Sunday, January 22, 2012

The Purpose Of Life

A friend asked me this week if I'd blogged about finding my purpose.

I once read the book Purpose-Driven Life by Rick Warren. You'll find it an especially good read if you're Christian. It's meaningfully touched thousands and thousands who've tried it.

I think that the idea of purpose is subjective, meaning that if you ask several people you'll get several answers. Who determines our purpose? Ourselves? Or something bigger than ourselves?

I could say that my purpose it what I choose it to be. My destiny is in my hands. My purpose is by definition the end results that flow from the series of actions that I take between now and my last breath.

I could say instead that my purpose is known by my creator. That I was made thoughtfully and deliberately, with a palette of intentionally bestowed gifts, to be used to make a specific difference in the world. That I am called to discover that purpose and pour myself into it completely.

If it's true that we have a singular purpose, just like we have a singular time of death, I wonder if it is something that we really do want to know? Part of the adventure of life is the exploration, the journey. Many of my friends and family have changed jobs multiple times. I'm doing things today that I didn't dream of ten years ago.

Do I regret how I've spent my time? Has it been wasted at all? Would I be making the most of my life to find my best path and follow it?

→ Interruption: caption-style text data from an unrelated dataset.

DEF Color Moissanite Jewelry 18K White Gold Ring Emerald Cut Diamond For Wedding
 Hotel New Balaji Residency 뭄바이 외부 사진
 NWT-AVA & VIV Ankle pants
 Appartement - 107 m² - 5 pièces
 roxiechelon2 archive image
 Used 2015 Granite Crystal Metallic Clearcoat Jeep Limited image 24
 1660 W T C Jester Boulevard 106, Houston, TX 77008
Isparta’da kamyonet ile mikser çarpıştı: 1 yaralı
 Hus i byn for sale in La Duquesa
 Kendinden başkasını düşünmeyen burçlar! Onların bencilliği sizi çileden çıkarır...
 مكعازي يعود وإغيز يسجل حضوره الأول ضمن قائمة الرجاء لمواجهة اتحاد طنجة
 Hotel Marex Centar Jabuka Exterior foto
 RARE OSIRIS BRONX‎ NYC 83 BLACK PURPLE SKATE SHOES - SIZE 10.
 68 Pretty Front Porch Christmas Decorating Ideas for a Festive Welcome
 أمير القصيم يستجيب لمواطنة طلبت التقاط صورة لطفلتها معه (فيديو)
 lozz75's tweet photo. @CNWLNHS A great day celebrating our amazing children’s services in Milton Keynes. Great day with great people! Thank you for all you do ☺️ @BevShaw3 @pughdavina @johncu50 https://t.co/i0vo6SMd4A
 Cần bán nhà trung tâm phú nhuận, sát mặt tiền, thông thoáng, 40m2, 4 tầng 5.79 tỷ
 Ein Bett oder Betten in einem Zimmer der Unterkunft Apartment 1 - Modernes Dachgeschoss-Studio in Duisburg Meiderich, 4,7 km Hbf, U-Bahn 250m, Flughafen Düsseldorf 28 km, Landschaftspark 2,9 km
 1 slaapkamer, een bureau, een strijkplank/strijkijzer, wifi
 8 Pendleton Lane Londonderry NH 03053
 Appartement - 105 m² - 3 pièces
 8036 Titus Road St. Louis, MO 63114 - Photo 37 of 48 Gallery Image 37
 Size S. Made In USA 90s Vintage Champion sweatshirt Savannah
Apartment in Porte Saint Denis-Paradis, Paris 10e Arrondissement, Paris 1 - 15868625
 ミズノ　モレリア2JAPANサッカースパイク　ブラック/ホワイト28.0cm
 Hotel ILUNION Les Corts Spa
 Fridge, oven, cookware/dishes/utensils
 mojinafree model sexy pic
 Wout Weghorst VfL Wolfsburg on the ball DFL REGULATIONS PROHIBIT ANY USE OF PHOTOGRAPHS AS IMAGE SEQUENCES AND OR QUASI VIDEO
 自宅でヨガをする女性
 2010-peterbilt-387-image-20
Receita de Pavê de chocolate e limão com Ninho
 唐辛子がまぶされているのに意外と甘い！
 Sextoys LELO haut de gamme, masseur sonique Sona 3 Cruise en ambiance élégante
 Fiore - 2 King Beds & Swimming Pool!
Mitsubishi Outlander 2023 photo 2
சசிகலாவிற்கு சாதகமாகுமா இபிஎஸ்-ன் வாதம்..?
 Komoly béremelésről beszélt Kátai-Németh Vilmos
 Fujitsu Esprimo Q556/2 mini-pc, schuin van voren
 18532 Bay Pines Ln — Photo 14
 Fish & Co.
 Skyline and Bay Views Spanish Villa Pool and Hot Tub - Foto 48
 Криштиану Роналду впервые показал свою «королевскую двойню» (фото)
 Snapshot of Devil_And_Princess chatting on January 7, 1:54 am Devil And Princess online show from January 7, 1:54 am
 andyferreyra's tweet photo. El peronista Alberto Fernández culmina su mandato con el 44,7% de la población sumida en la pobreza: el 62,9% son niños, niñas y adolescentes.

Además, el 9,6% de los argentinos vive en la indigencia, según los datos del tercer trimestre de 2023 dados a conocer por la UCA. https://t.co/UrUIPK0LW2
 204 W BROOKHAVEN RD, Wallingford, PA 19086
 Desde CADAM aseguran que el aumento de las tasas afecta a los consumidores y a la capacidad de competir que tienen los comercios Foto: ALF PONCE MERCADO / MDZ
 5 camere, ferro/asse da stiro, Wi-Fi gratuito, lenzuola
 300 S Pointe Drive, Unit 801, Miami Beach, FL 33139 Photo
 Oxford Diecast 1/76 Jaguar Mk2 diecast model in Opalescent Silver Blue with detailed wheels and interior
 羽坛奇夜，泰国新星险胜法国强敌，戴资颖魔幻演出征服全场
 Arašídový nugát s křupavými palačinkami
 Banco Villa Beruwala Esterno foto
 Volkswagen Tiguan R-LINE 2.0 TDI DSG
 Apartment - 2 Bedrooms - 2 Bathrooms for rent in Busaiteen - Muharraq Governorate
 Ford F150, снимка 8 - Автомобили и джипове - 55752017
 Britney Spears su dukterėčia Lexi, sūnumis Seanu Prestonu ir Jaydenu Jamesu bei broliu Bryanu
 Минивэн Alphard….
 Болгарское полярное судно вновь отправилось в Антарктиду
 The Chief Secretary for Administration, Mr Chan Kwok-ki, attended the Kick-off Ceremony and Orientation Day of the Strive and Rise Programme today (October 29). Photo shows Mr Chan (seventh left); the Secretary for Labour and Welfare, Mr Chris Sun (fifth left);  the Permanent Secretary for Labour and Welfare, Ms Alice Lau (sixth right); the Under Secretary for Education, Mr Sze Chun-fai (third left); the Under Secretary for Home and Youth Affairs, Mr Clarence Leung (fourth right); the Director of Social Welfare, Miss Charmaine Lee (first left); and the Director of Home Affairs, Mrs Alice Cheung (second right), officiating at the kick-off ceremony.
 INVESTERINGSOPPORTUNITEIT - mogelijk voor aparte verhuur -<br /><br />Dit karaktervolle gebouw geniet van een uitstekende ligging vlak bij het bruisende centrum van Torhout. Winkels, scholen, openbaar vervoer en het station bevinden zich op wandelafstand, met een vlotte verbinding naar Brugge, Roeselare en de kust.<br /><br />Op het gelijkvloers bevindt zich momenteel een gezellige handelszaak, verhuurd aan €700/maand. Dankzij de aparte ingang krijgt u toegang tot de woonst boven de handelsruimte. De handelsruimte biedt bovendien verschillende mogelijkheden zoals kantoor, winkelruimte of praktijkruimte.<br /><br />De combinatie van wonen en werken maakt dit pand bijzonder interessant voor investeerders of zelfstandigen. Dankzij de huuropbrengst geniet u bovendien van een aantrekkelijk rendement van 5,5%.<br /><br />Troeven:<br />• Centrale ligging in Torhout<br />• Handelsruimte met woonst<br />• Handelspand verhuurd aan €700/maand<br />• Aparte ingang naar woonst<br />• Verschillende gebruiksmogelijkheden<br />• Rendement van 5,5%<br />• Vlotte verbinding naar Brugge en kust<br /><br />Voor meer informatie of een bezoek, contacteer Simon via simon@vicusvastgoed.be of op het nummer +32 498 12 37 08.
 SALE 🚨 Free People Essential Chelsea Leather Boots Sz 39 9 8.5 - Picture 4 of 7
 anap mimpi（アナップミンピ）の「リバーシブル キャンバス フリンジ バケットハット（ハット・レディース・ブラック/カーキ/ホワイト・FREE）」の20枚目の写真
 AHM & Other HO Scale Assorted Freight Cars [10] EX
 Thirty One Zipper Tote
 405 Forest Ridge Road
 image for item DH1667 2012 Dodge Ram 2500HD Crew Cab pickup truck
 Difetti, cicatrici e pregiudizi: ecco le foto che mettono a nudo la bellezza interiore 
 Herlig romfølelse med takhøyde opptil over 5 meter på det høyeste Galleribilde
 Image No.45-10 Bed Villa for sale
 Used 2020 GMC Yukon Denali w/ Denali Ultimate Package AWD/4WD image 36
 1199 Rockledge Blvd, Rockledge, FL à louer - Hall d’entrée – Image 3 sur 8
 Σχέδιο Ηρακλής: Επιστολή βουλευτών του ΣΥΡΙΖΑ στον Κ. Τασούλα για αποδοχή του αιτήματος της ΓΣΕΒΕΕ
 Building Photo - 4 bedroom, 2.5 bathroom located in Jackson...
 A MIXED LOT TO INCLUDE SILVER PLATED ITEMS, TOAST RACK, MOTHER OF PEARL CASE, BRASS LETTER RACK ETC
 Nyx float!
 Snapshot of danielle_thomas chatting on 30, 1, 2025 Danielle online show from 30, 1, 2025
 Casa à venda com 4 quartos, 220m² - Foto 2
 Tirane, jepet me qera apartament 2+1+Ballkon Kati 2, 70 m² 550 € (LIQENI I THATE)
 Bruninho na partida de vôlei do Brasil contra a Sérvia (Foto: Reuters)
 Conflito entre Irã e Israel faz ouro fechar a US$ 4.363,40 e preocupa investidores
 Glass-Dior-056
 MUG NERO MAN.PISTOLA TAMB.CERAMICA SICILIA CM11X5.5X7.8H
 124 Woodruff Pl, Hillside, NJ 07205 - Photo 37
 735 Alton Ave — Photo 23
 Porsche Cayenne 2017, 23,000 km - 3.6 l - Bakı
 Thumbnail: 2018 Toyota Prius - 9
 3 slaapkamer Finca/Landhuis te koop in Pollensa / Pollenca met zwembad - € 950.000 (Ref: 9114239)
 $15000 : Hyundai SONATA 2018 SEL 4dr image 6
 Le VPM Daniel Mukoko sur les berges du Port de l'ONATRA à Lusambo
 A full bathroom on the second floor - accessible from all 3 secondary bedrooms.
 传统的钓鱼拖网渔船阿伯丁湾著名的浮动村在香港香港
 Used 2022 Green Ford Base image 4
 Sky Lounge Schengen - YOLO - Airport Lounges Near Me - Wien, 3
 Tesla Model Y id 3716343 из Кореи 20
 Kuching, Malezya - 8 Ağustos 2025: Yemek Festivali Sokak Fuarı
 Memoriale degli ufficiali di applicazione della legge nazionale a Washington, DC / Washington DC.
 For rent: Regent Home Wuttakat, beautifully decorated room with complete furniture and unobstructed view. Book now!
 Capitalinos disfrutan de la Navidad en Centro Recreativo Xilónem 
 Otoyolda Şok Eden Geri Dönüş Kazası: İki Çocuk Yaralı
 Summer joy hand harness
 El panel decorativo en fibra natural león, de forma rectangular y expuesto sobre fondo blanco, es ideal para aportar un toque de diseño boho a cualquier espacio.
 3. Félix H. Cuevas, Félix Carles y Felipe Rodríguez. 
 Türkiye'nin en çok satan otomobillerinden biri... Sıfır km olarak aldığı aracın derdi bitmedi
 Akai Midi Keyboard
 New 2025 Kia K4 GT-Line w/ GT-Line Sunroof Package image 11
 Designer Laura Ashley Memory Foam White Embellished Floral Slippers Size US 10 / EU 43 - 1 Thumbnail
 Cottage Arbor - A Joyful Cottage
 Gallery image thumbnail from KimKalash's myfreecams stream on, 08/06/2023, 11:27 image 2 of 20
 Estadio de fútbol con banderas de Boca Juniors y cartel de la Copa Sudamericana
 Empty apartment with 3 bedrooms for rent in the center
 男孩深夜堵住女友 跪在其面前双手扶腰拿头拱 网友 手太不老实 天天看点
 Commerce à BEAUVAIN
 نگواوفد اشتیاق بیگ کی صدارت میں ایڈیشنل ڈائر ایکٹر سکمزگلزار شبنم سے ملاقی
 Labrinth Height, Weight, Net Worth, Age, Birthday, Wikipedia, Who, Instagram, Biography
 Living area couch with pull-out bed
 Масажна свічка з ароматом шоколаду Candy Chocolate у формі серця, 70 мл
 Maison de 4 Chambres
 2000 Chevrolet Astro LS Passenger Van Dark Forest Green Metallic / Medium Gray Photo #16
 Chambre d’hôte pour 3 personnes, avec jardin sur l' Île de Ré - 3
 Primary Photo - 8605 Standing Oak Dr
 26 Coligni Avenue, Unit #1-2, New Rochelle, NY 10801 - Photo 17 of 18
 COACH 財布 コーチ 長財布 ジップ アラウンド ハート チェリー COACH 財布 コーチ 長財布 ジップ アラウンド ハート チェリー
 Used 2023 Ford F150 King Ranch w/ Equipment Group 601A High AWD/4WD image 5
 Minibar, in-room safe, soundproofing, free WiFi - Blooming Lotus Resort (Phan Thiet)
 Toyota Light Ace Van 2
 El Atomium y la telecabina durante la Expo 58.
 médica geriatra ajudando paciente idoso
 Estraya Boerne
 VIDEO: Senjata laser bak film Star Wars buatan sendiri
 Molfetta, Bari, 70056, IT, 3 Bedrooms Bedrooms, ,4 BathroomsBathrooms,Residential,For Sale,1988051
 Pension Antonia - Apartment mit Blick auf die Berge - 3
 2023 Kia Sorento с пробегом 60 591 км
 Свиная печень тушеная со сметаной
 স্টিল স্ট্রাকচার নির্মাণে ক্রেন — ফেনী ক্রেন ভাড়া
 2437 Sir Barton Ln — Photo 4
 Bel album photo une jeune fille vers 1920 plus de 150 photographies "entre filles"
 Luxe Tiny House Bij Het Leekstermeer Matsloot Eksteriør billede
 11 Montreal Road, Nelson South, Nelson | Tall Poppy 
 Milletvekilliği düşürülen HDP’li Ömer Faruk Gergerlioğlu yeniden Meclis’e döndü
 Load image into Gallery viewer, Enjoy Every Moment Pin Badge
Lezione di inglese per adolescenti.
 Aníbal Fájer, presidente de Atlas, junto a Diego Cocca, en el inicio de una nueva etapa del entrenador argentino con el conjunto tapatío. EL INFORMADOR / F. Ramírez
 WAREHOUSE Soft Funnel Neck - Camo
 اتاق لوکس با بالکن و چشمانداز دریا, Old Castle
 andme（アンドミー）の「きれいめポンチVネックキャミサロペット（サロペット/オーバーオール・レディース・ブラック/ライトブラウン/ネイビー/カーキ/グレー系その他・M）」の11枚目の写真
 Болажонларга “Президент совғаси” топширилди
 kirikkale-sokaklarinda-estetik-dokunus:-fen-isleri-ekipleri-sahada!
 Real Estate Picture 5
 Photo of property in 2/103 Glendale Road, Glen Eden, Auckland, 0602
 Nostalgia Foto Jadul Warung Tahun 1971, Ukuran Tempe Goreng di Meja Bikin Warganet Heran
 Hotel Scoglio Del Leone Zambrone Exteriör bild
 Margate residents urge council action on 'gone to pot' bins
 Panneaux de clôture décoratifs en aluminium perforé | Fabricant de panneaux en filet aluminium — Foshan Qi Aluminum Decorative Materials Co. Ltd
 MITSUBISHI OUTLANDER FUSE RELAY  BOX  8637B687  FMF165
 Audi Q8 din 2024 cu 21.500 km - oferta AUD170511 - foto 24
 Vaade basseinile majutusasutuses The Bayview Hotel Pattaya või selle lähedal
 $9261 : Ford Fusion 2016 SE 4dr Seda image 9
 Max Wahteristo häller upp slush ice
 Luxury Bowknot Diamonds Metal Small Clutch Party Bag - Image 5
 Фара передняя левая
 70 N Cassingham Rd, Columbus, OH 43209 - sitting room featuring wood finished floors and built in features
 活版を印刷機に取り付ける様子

I've come to believe that when I look back at my life, what I would regret more than anything is to have spent it unhappily. For most of it, although I've made big mistakes, I've done what I enjoyed.

I do think of God like a gardener, and us as flowers:

http://joemcdonald.blogspot.com/2010/08/gardener.html

Flowers grow best in the soil that's richest for them. "Perfect soil" is different for different flowers. The longer I live, the better I get at recognizing the soil that's best for me. Because I study myself, this body that God gave me.

What can you do energetically, with hours seeming like minutes?
What moments have brought tears of joy to your eyes?
What plans make it easy for you to get out of bed in the morning?

Whatever the answer is, do that.
Whatever strays from that answer, steer away.

That's what I think is a good purpose.